His lands were placed under interdict by Baldwin Archbishop of Canterbury because of his first marriage[557].

He succeeded his brother Richard I in 1199 as JOHN King of England, crowned London 27 May 1199[558] and again 8 Oct 1200 with his second wife at Westminster Abbey[559].

The Continuator of Florence of Worcester records the coronation "VI Kal Jul" at Westminster Abbey in [1199] of "Johannes dominus Hiberniæ"[560]. The Continuator of Florence of Worcester records the death "XV Kal Nov" [1216] of King John and his burial "Wignorniæ"[561].

The Annals of Tewkesbury record the death “apud Newerk in crastino Sanctæ Luciæ virginis” in 1216 of “Johannes rex Angliæ”[562].

Betrothed (Auvergne 1173 before 2 Feb) to ALIX de Maurienne, daughter of HUMBERT III Comte de Maurienne & his third wife Klementia von Zähringen ([1166]-1174).

The marriage contract between "Johanni filio Henrici…regis Angliæ" and "Humbertus comes Mauriensis et marchio Italiæ…filia…primogenita…Aalis" is dated 1173[563]. Ralph de Diceto´s Ymagines Historiarum record in 1173 the betrothal of “Henricus rex Angliæ, Johanni filio suo cognomento sine terra” and “septenni filiam primogenitam Humberti comitis de Moriana...ex relicta Henrici Saxonis ducis”[564]. Her parentage is specified by Matthew Paris when he records this betrothal. Although he does not give her first name, he calls her "filia primogenita"[565]. Benedict of Peterborough records the betrothal of "Humbertus comes de Mauriana…Aalis filiam suam majoram" and "rex…Johannis filii sui iunioris" at "Alvernium…Montem Ferratum" in 1173 before 2 Feb, and the agreement whereby John would inherit the county of Maurienne if Humbert had no sons by his wife[566].

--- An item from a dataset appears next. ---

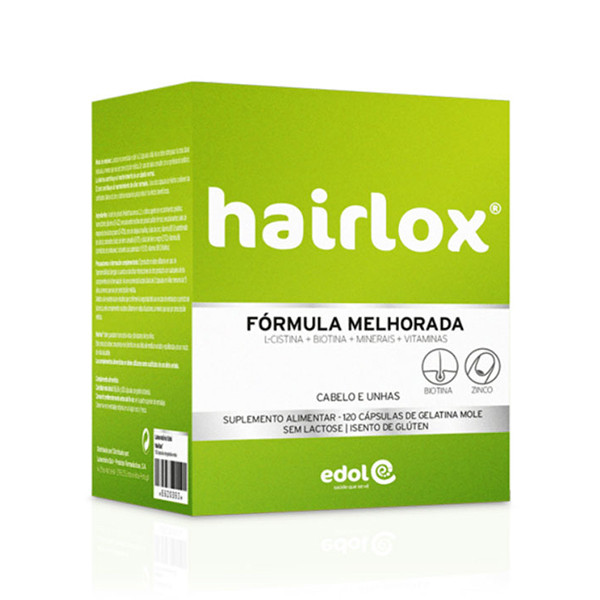 Hairlox 120 cápsulas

m firstly (Betrothed 1176, Marlborough Castle 29 Aug 1189, divorced before 30 Aug 1199) as her first husband, ISABEL [Avise] Countess of Gloucester, daughter of WILLIAM FitzRobert Earl of Gloucester & his wife Havise de Beaumont ([before 1176]-14 Oct or [18 Nov] 1217, bur Canterbury Cathedral Church).

An anonymous continuation of the Chronicle of Robert of Mont-Saint-Michel records (in order) "Comitissa Ebroicensis…uxor Guillelmi Comitis de Clara, tertia…in manu Dei et domini Regis" as the three daughters left by "Guillelmus Comes Glocestriæ" when he died[567]. The Chronica de Fundatoribus et Fundatione of Tewkesbury Abbey names “Mabiliam comiti de Evereis in Normannia nuptam…Amiciam…Isabellam” as the three daughters of “comes Willielmus” and his wife, adding that Isabel married “Henricus rex…Johanni filio suo”[568]. Benedict of Peterborough records the betrothal in 1176 of "Johannem filium regis minimum" and "Willelmus filius Roberti filii regis Henrici primi comes Gloucestriæ…filiam ipsius comitis" and the agreement whereby John would inherit the county of Gloucester[569].

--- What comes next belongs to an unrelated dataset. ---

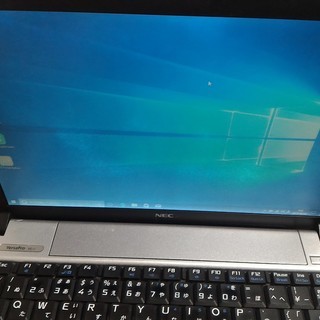 お取引中)Core-i7 ﾒﾓﾘ2G HDD160G Office2016搭載! 高性能Windows10ノートPC Win10/Core-i7/ﾒﾓﾘ2GB/HDD160GB/無線LAN/Kingsoft Office 2016 [NEC Versapro VC-A]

Her marriage is recorded by Matthew Paris, who specifies that it took place despite the prohibition of Baldwin Archbishop of Canterbury on the grounds of consanguinity, although he does not name her[570]. Benedict of Peterborough records the marriage in 1189 of "Johannes frater ducis [Normanniæ]" and "filiam comitis Gloucestriæ" at "Marlebegam IV Kal Sep"[571]. The Chronicle of Ralph of Coggeshall records that "comes Johannes frater eius [rege Ricardo]" married "filiam comitis Glocestriæ"[572].

The primary source which confirms her name as Isabelle has not yet been identified. She was recognised as Ctss of Gloucester in her own right from her marriage in [1189]. Matthew Paris records that the king divorced "uxorem suam Hawisam comitis Gloverniæ filiæ" [in 1200 from the context] because “affines erant in tertio gradu consanguinitatis”[573].

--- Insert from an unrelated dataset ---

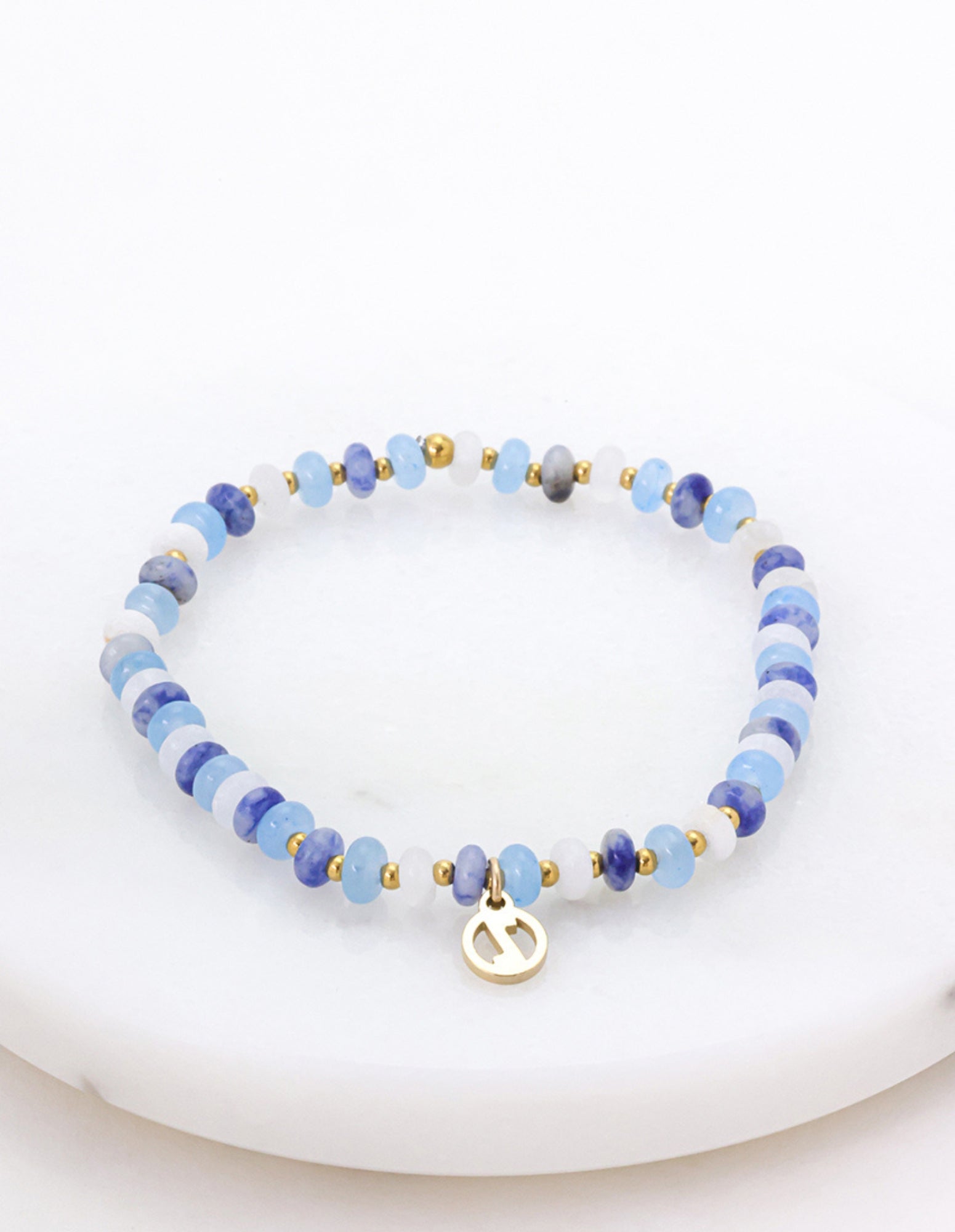 Harlow Bracelet -Sky Blue - Zafino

The Annales Londonienses record the divorce in 1200 of King John and "Hawysiam filiam comitis Gloverniæ", stating that they were "in tertio gradu consanguinitatis"[574]. King John appears to have kept her as a state prisoner after their divorce, but retained her title even after her nephew Amaury de Montfort was installed as Earl of Gloucester in 1199[575].

The Chronica de Fundatoribus et Fundatione of Tewkesbury Abbey records the second marriage of “Isabellam” and “Galfrido de Mandevile comiti Essexiæ”, and her third marriage to “Huberto de Burgo justiciario Angliæ”[576]. Her lands and title were confiscated on the death of her second husband, who died a rebel.

She married secondly ([16/26] Jan 1214) as his second wife, Geoffrey de Mandeville Earl of Essex, and thirdly ([Sep] 1217) as his second wife, Hubert de Burgh, who was created Earl of Kent in 1227. The Annals of Waverley record the death in 1217 of “Isabel comitissa Gloucestriæ”[577]. The Annals of Dunstable record that “Johannam comitissam Gloucestriæ” died “paucos dies” after her marriage to “Hubertus de Burgo justiciarius Angliæ” and was buried “apud Cantuarium”[578].

Betrothed (early 1193) to ALIX de France, daughter of LOUIS VII King of France & his second wife Infanta doña Constanza de Castilla ([4 Oct] 1160-after 1200). Kerrebrouck states that Richard I King of England arranged the betrothal of Alix, to whom he had earlier been betrothed himself, to his younger brother John in early 1193[579], but the primary source which confirms this information has not been identified. She returned to France in Aug 1195.

m secondly (Bordeaux Cathedral 24 Aug 1200) as her first husband, ISABELLE d’Angoulême, daughter of AYMAR “Taillefer” Comte d’Angoulême & his wife Alix de Courtenay ([1187]-Fontevrault Abbey 31 May 1246, bur Fontevrault Abbey). The Continuator of Florence of Worcester records the marriage "IX Kal Sep" [1200] of King John and "Isabellam filiam Engolisimi comitis" and their coronation together "VIII Id Oct" in London[580]. Matthew Paris records that the king "consilio regis Francorum" married “Isabel filiam comitis Engolismi...Hugo cognomento Brunus comes Marchiæ” in 1200 and her consecration as queen “dominica proxima ante festum Sancti Dionisii apud Westmonasterium” [8 Oct], in a later passage specifying that King John arrived at Dover from France “VIII Id Oct” before their joint coronation at Westminster[581]. She succeeded her father in 1202 as Ctss d’Angoulême, but was not formally recognised as such until Nov 1206.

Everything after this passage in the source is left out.